:: Activity ::
Only one span is wanted from the lines below: from the one with "StyleCraft 360 Jeezy clipper" up to and including the one with "Astrid Varnay - Varnay: Opera". Copy it exactly, without images.

:: Records shown ::
※

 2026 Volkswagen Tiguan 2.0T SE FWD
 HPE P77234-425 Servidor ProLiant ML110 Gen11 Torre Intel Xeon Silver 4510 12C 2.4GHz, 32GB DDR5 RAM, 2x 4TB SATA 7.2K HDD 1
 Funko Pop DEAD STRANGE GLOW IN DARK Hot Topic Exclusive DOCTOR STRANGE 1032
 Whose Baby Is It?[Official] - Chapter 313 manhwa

※

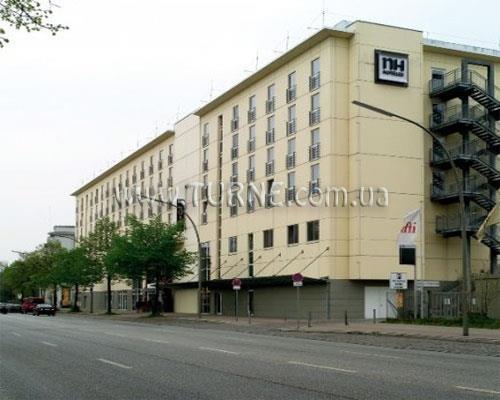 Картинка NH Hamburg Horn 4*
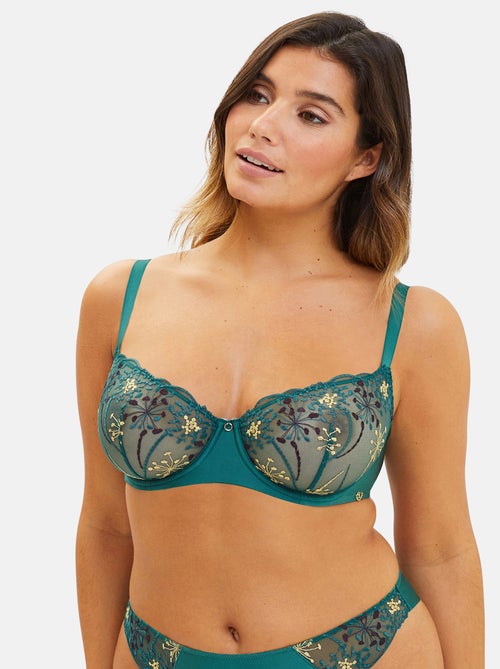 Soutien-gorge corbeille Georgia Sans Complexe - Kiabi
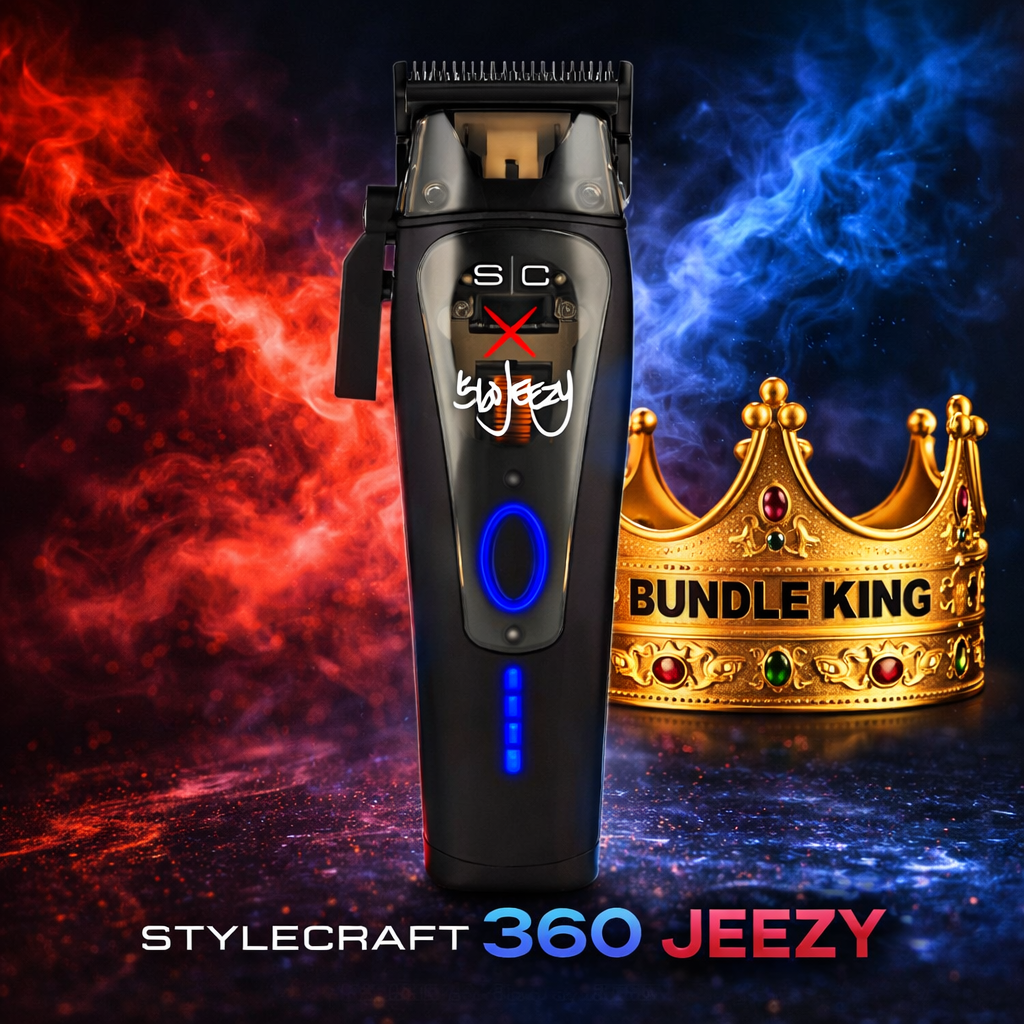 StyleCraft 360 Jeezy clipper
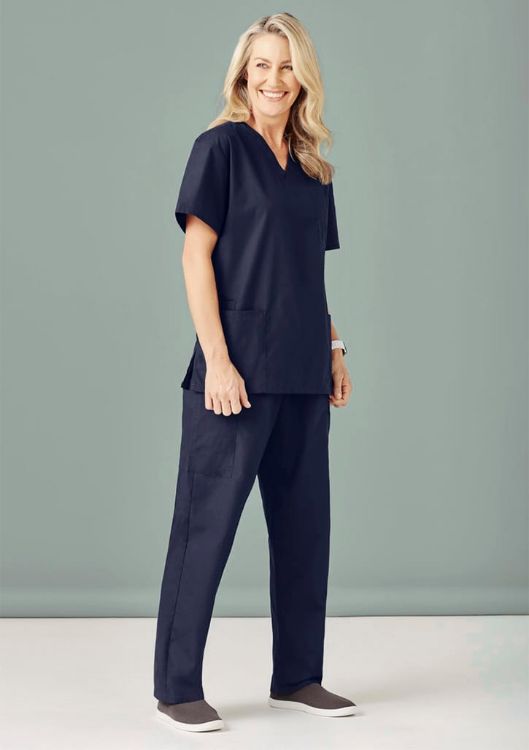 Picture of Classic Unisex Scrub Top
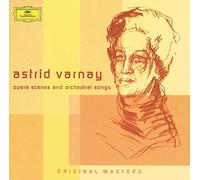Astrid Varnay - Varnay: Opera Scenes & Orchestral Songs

※

:: Response to this exercise ::
 StyleCraft 360 Jeezy clipper
 Picture of Classic Unisex Scrub Top
Astrid Varnay - Varnay: Opera Scenes & Orchestral Songs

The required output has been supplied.